=== Material shown ===
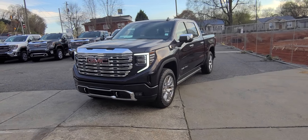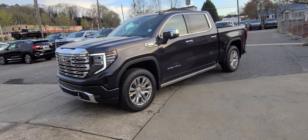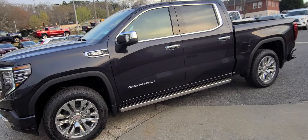Hey Mr. Dodd, TJ here again with Riverside. Just a quick walk-around video of the 2023 Denali we have with the 3.0 Duramax.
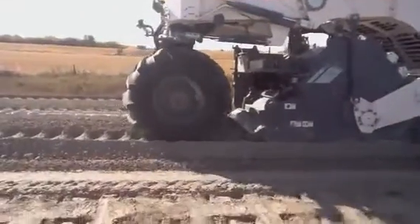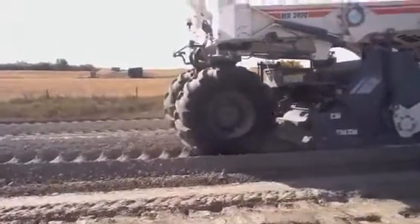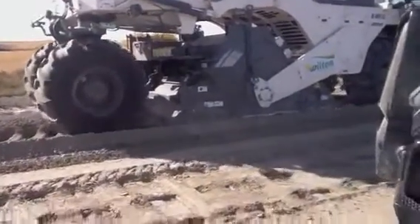You can hear the rocks coming down and they're sitting at about 12 inches right now. It's about 500 horsepower — a pretty robust unit.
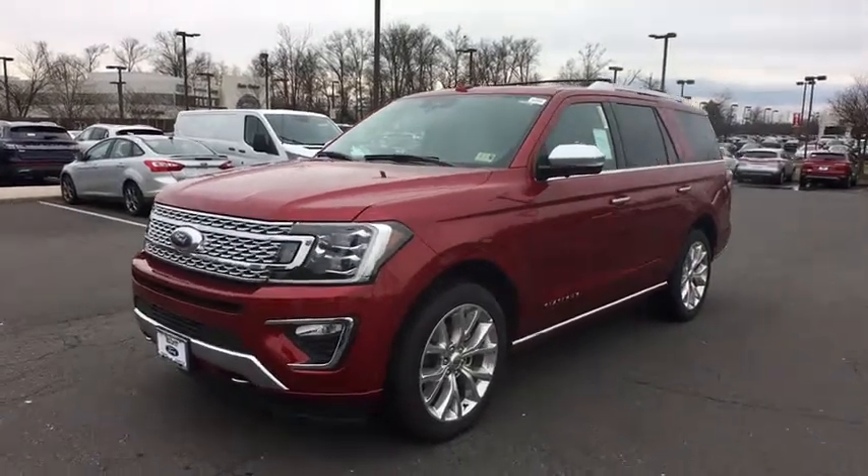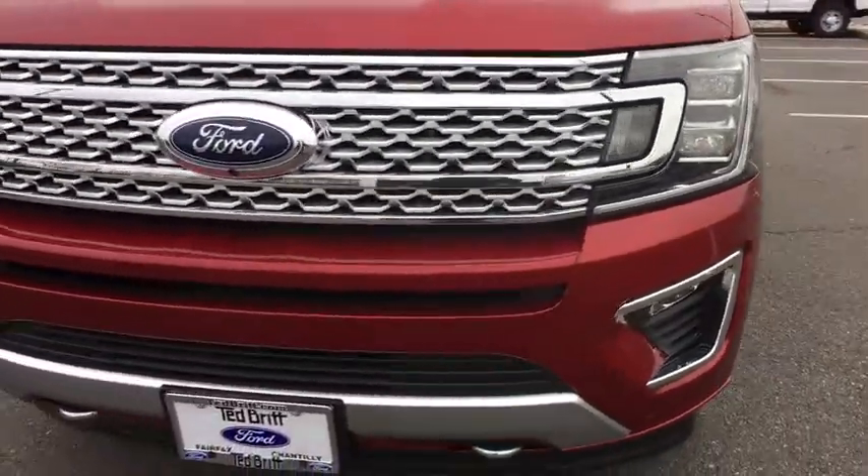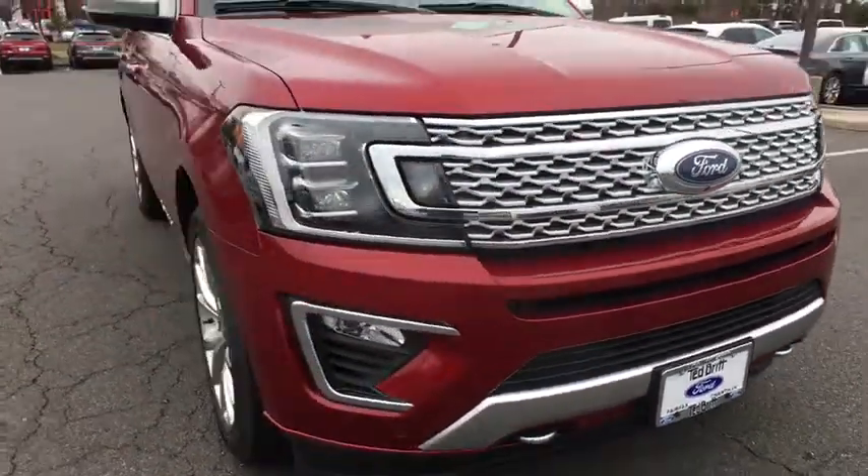2019 Ford Expedition. Powerful, controlled, resourceful. Expedition. Here are some of this vehicle's great options.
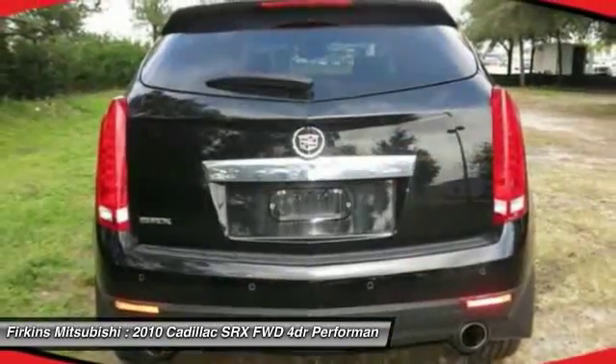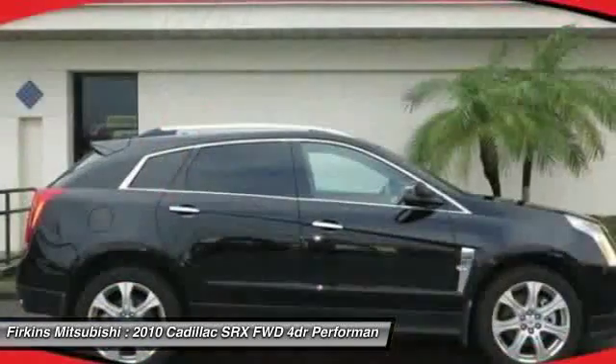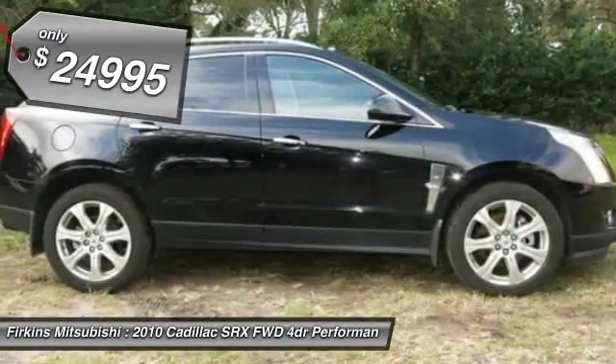Luxury lovers will delight in the new stylish handcrafted cabin. And for technology lovers, the list of high-tech features is too long to list. And is priced below $25,000.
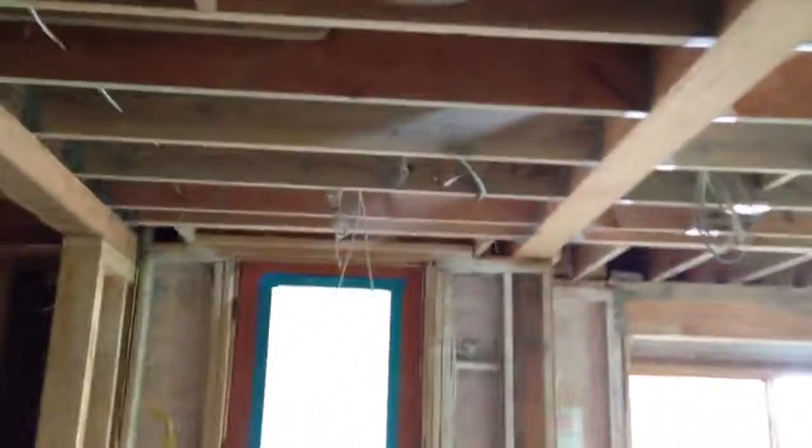Wires to the closet, master bathroom speaker here, touch screen right here on the wall, another bathroom with a speaker. Going down to the bottom level — here we have another speaker. There's gonna be a speaker here, another speaker here, another speaker here, and a touch screen here.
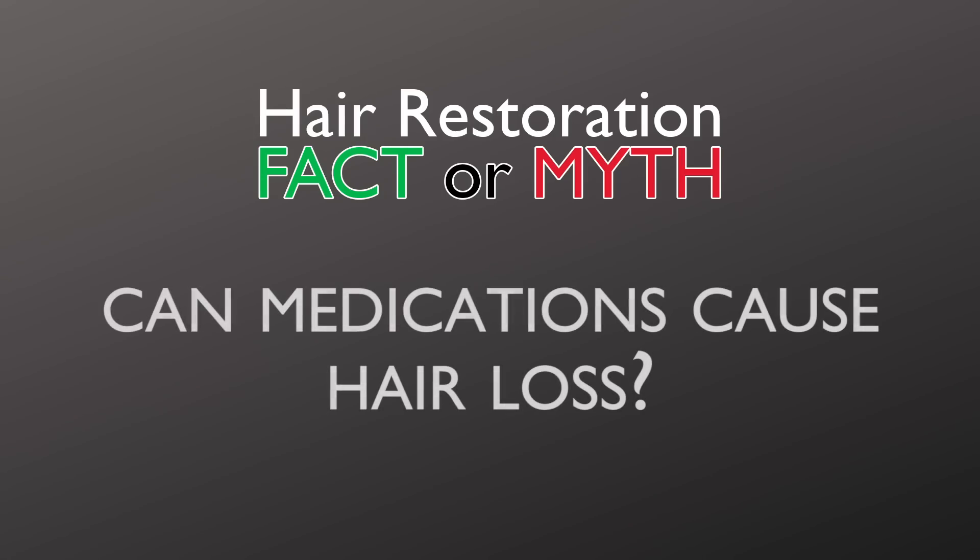Many people ask me about medications and whether or not the medication they've been taking has been the cause of their hair loss. I'm going to answer that question today. The first and foremost question is whether medications can cause hair loss — and the answer is yes.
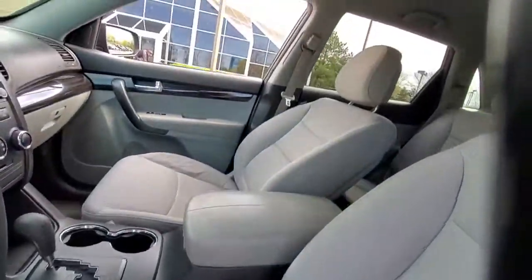See for yourself when you take it out for a test drive. Our professional staff looks forward to giving you excellent service.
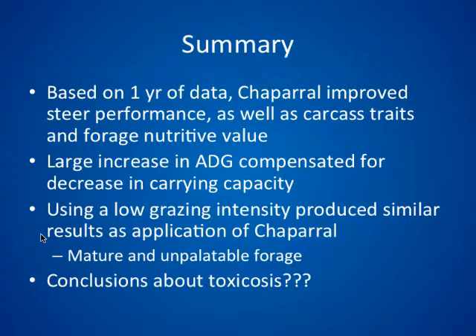In summary, based on one year of study — which we are continuing — chaparral tended to improve steer performance as measured by carcass quality traits and average daily gain, driven by improved forage nutritive value. The large increase in average daily gain from chaparral application helped offset the reduction in carrying capacity. The low grazing intensity produced similar results to chaparral use, but continuing through the season, you're stuck with more mature, unpalatable forage that lowers intake and likely decreases animal performance. We don't yet have toxicosis or ergot alkaloid data to present, as those samples are still being analyzed.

=== What you should do ===
Wherever a picture appears in the data, please drop it and retype the rest exactly.

=== Answer for this exercise ===
Hey Mr. Dodd, TJ here again with Riverside. Just a quick walk-around video of the 2023 Denali we have with the 3.0 Duramax.
You can hear the rocks coming down and they're sitting at about 12 inches right now. It's about 500 horsepower — a pretty robust unit.
2019 Ford Expedition. Powerful, controlled, resourceful. Expedition. Here are some of this vehicle's great options.
Luxury lovers will delight in the new stylish handcrafted cabin. And for technology lovers, the list of high-tech features is too long to list. And is priced below $25,000.
Wires to the closet, master bathroom speaker here, touch screen right here on the wall, another bathroom with a speaker. Going down to the bottom level — here we have another speaker. There's gonna be a speaker here, another speaker here, another speaker here, and a touch screen here.
Many people ask me about medications and whether or not the medication they've been taking has been the cause of their hair loss. I'm going to answer that question today. The first and foremost question is whether medications can cause hair loss — and the answer is yes.
See for yourself when you take it out for a test drive. Our professional staff looks forward to giving you excellent service.
In summary, based on one year of study — which we are continuing — chaparral tended to improve steer performance as measured by carcass quality traits and average daily gain, driven by improved forage nutritive value. The large increase in average daily gain from chaparral application helped offset the reduction in carrying capacity. The low grazing intensity produced similar results to chaparral use, but continuing through the season, you're stuck with more mature, unpalatable forage that lowers intake and likely decreases animal performance. We don't yet have toxicosis or ergot alkaloid data to present, as those samples are still being analyzed.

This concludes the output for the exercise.